Silver edged lower following rumors of a possible six-month extension on Greece's debt. Prices briefly hit the lowest levels of the session after rumors surfaced that the European Commission could propose a six-month extension to Greece's bailout program, which is due to end on February 28. Prices were slightly higher earlier in the day amid concerns over Greece’s future in the euro zone as negotiations with the European Union over the
country's debt and bailout continued. Meanwhile, the growing possibility of an earlier Federal Reserve rate hike also weighed, following last week's robust U.S. jobs report, which saw market players bring forward expectations for the first rate hike to June. Expectations of higher borrowing rates going forward is considered bearish for bullion, as the precious metal struggles to compete with yield-bearing assets when rates are on the rise. A government report released earlier showed that Chinese inflation for January slowed to 0.8%, the lowest since November 2009, from 1.5% in December. The producer price index fell by a more-than-expected 4.3% last month, giving policymakers in Beijing more room to ease monetary policy. A Commerce Department report on Tuesday showed U.S. wholesale inventories edged slightly higher in December, after having reported a notable increase last month. Wholesale inventories inched up by 0.1 percent in December after climbing by 0.8 percent in November. Economists expected inventories to edge up by 0.2 percent. Technically market is under long liquidation as market has witnessed drop in open interest by -0.69% to settled at 9022 while prices down -199 rupee, now Silver is getting support at 37202 and below same could see a test of 36805 level, And resistance is now likely to be seen at 37973, a move above could see prices testing 38347.

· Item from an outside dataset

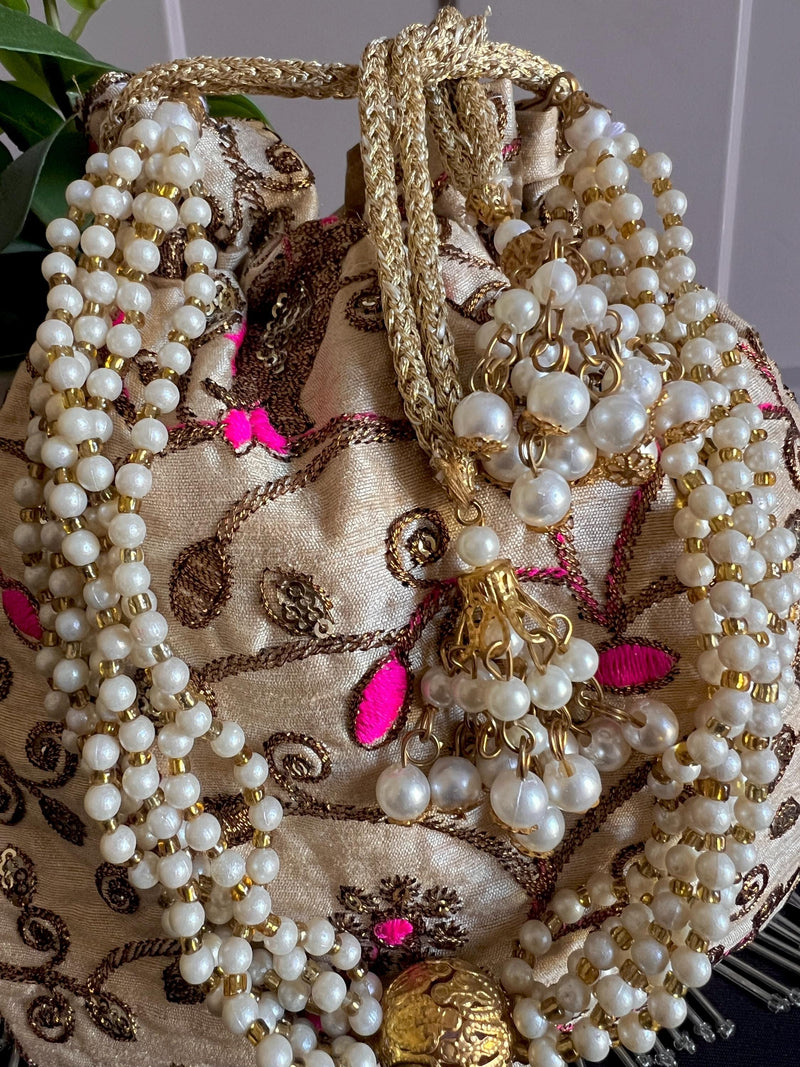 Raw Silk Floral Light Weight Potli Bag in Gold Color | Embroidery Work Potli Bags | Bags for Gifts | Wedding Bags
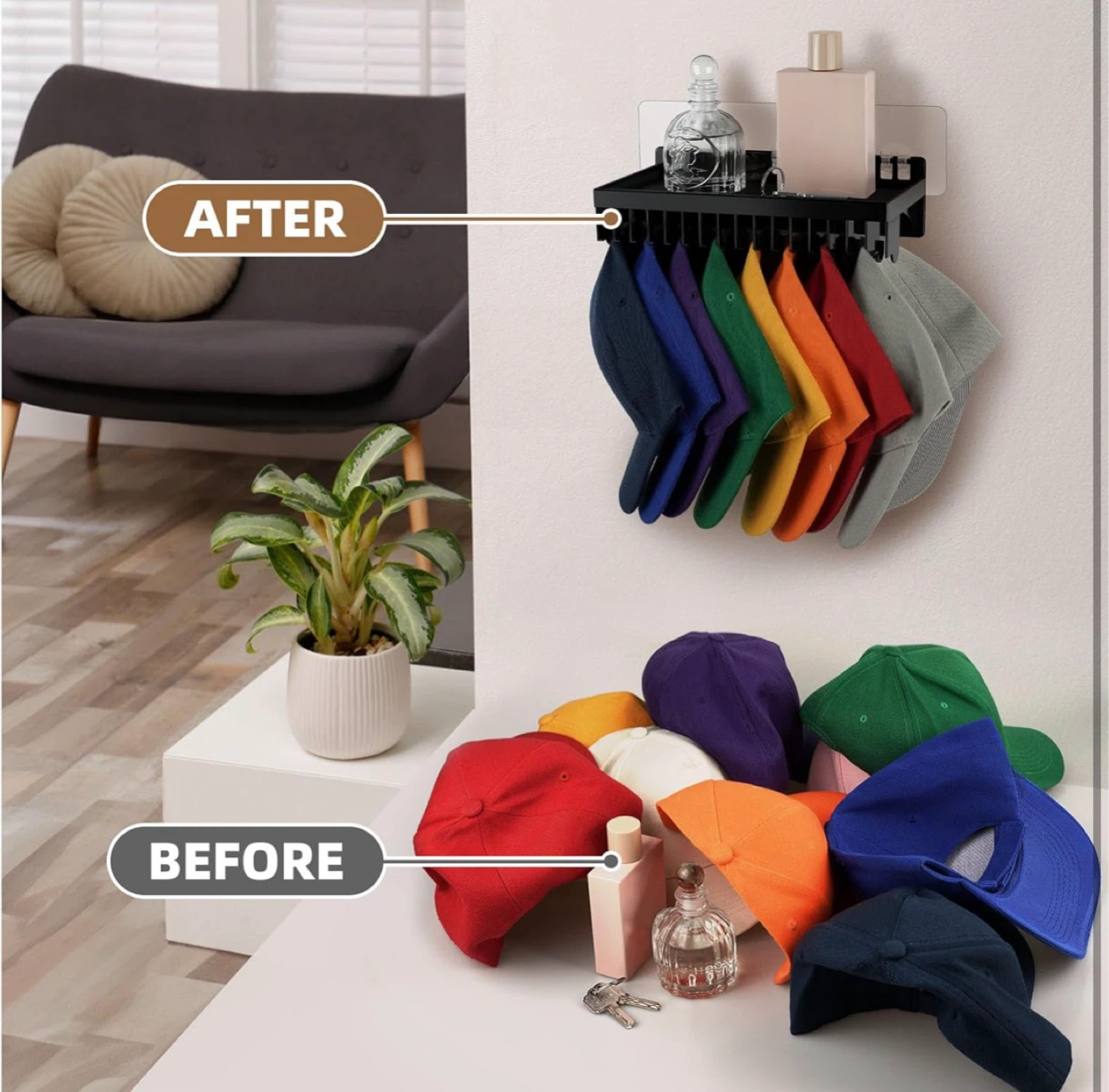 Hat Rack Wall Mounted Organizer - photo 3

Greek PM Alexis Tsipras comfortably won a confidence vote on his plan to cancel a deeply unpopular bailout programme and challenge European leaders as both sides prepare for a showdown at meetings in Brussels this week. China's economy is now more sustainable and domestic consumption is steadily
rising, Chinese Central Bank Vice Governor told a G20 meeting of finance officials earlier this week. China's annual consumer inflation hit a five-year low in January while factory deflation worsened, underscoring deepening weakness in the economy and heaping pressures on policymakers to inject more stimulus to underpin growth.